The 40th Global Competitiveness Index by the World Economic Forum on October 9 declared Singapore as the most competitive country with the United States sliding to the second position. The report released on October 8 stated that US is now less competitive than it was in the previous year as the economy remains unstable admidst the trade war with China. The latest assessment of the factors like productivity and long-term economic growth found Singapore overtaking all other countries.
The Forum was also the organizer of the annual gathering of business and political elite groups in Davos. WEF has been releasing the competitiveness index globally since 1979 which analyses the economies that are well structured for productivity and the long-term growth of the country. The US has lost its top position on the basis of its measures on “health life expectancy” and its consciousness for the skills required in the 21st century. Hong Kong, Netherlands, Switzerland are also among the top five most competitive countries in the world. The index maps out the landscape of 141 competitive economies and is also based on nearly a hundred indicators distributed in a dozen categories like health, financial system, market size, business dynamism and their ability to innovate.
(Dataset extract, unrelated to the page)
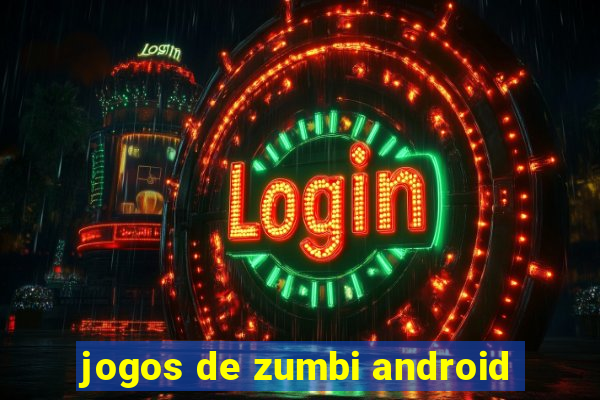 jogos de zumbi android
The reports surveyed of 13,000 business executives has stressed the “deep uncertainty” and “lower confidence”. However, even after its gap in future skills, the US is still called “an innovation powerhouse” and also the largest and most competitive economy. Presently, the US also ranks highest for the “ease of finding skilled employees”. Klaus Schwab, the founder of WEF reportedly called the report as a compass for motivating the new economies to make innovation their key factor of competitiveness. Moreover, authors have also pointed out that it was too early to entirely assess the effect of some of the operative factors in the global economy in 2018.